Bone tumors: magnetic resonance imaging versus computed tomography.

Abstract
The magnetic resonance (MR) imaging characteristics of bone tumors are described and the clinical utility of MR imaging in patient evaluation is reported. Fifty-two patients with skeletal lesions were examined with a Picker MR imager (0.15-T resistive magnet). Twenty-five patients had primary malignancies, 7 had benign bone neoplasms, 15 had skeletal metastases and 5 had neoplasm simulators. Forty-five patients had CT [computed tomography] scans available for comparison. For demonstrating the extent of tumor in marrow, MR was superior to CT in 33% of cases, about equal to CT in 64% and inferior to CT in 2%. For delineating the extent of tumor in soft tissue, MR was superior to CT in 38% of cases and about equal to CT in 62%. CT was superior in all cases for demonstrating calcific deposits and pathologic fractures.
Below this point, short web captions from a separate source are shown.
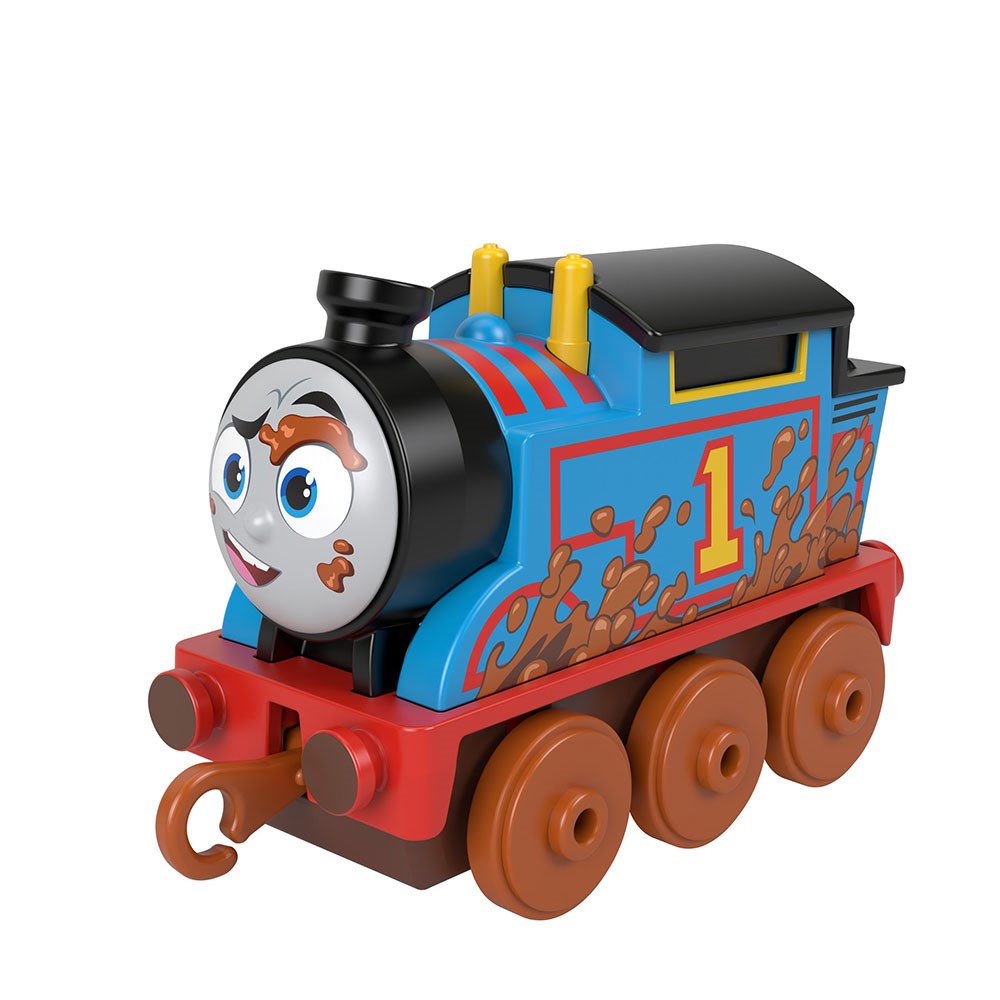 Thomas & Friends Küçük Tekli Tren Sür-Bırak HFX89-HHN35 Thomas Friends HHN35
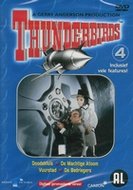 DVD Jeugd - Thunderbirds 4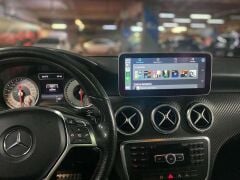 Mercedes A Kasa Multimedya CARPLAY+AND.AUTO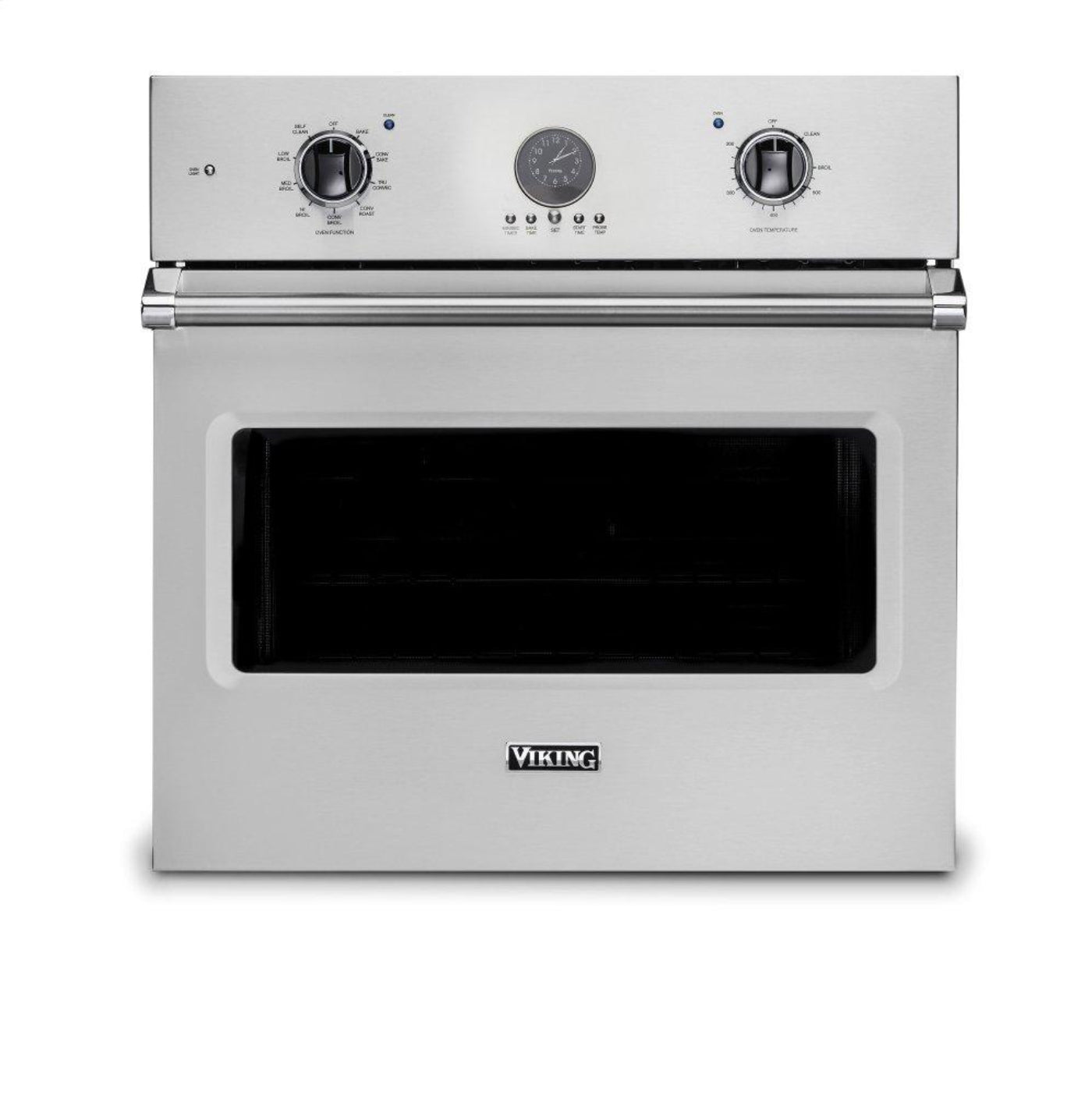 VIKING 30" Electric Single Premiere Oven in Stainless Steel - VSOE530SS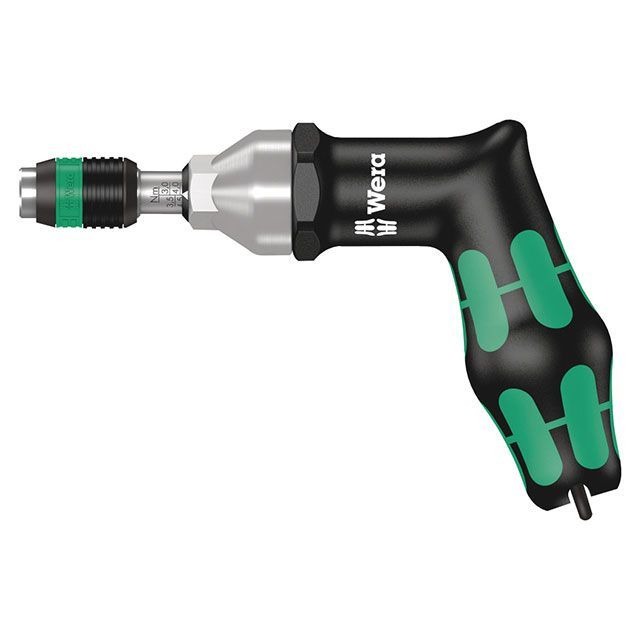 WERA 074705 アジャスタブル トルクドライバー トルク合わせる活動の領域4.0-8.8N.m ・074705 ヴェラ お手て物の具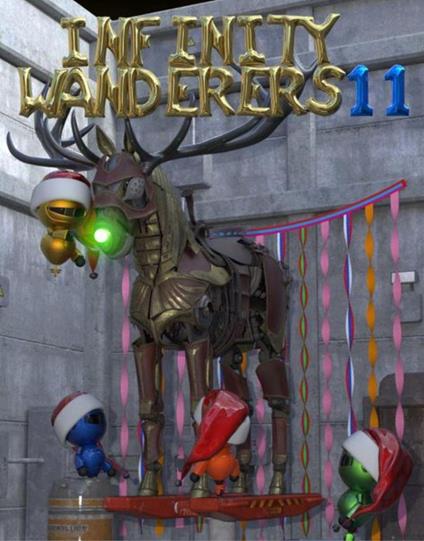 Infinity Wanderers 11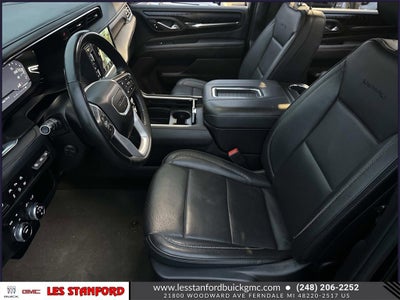 2024 GMC Yukon XL Denali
In 4 patients with metal prostheses or surgical clips, MR was superior to CT in documenting recurrent tumor because of artifactual degradation of the CT image. Direct sagittal and coronal images for MR permit accurate assessment of the relationship of tumor to adjacent normal structures, including the physis, joints and neurovascular structures. MR is useful in the evaluation of bone tumors; it is of greatest value in evaluations of the peripheral skeleton, the medullary canal, soft tissues and postoperative tumor recurrence. With a 0.15-T magnet, MR is less useful in the evaluation of the axial skeleton and cortical bone.